Damien Chazelle’s recent epic Babylon portrays the early days of Hollywood, before talkies and sound stages when the roads of LA were still unpaved. The three-plus-hour movie depicts the era as one non-stop debaucherous defined by excess, jazz, and piles of cocaine.

That perception of Hollywood’s roots traces back to Hollywood Babylon: filmmaker Kenneth Anger’s 1959 tell-all, which purported to dish on all the ’20s celebs… even as their exploits were essentially exaggerated.

In both Hollywood Babylon, and Babylon itself, there’s one story that sticks out from among the colorful chaos. That of Clara Bow, the famous flapper who came to be known as the world’s first “It girl.” Though she is called Nellie La Roy in Babylon, and played by Margot Robbie, the real-life parallels are instantly recognizable.

Clara Bow

Clara Bow was born around 1905 in a Brooklyn tenement. And she had a rough childhood. Bow’s parents had two daughters before her who both died in infancy.

Her father was absent mostly, though around enough to sexually abuse Bow throughout her teenage years. (These were events that Bow recalled years later in psychotherapy.) Her mentally ill mother, in a fit of psychotic rage, once tried to stab Bow and was committed to a sanitarium.

The same year, at age 13, Bow left school to find work. She entered a magazine contest which won her a role in Beyond the Rainbow. However, her scenes were cut. “I wore myself out trying to find work, going from studio to studio, from agency to agency, applying for every possible part,” Clara Bow once told the journalist Adela Rogers St. Johns But there was always something. I was too young, or too little, or too fat. Usually I was too fat.” A version of this quote appears in Babylon, from the mouth of Nellie La Roy just after visiting her mother at the sanitarium.
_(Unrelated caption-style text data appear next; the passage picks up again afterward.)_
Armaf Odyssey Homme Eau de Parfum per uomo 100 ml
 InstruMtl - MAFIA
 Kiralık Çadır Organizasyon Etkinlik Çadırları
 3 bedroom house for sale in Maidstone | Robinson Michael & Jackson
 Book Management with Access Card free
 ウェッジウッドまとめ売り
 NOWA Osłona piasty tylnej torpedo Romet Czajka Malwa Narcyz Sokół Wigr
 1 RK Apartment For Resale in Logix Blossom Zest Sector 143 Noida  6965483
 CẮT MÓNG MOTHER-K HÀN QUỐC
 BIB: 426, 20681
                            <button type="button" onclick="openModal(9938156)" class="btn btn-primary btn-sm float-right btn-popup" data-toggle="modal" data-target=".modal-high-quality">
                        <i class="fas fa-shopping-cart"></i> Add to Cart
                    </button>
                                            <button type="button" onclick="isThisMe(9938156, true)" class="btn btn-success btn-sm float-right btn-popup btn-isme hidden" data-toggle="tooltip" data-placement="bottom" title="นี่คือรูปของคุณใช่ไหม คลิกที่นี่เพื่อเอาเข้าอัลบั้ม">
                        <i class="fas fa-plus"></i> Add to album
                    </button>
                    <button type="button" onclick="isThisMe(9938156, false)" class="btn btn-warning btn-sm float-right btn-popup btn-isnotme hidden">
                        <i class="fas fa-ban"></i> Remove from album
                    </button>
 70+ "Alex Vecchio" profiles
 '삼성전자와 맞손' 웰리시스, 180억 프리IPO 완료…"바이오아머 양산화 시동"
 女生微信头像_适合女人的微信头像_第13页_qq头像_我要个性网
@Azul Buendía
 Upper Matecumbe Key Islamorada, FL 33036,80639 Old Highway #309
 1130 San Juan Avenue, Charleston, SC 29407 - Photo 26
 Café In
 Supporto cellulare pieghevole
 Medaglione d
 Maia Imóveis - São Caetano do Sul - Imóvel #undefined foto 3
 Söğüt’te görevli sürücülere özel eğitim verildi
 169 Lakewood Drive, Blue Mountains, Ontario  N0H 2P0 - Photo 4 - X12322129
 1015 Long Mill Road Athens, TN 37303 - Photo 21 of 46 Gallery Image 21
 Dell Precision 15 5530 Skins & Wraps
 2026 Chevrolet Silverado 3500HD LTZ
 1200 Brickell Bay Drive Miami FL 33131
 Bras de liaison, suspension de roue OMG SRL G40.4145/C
Soon, though, all the work would pay. In 2022, Bow’s real debut came in Down to the Sea in Ships. From there, she earned many other silent film roles throughout the decade. But she was typecast; the parts were all cutsie, ditzy… and promiscuous.

Her role in 1927’s Mantrap exemplifies the Clara Bow image perfectly: a party-girl manicurist who serial flirts her way out of trouble. The character was written specifically with Bow in mind. But it was her turn in It, in 1929, which defined Bow’s legacy.

In It, Bow plays Betty Lou, a spunky shopgirl who charms her rich boy boss with the simple pleasures of Coney Island. As the title suggests, Betty Lou is an “It girl.” The term originated in Britain in the early 1900s, and while today it connotes a certain level of class, back then, it was recognized simply as a young socialite who is popular, vivacious, and overtly sexual. Bow was all three.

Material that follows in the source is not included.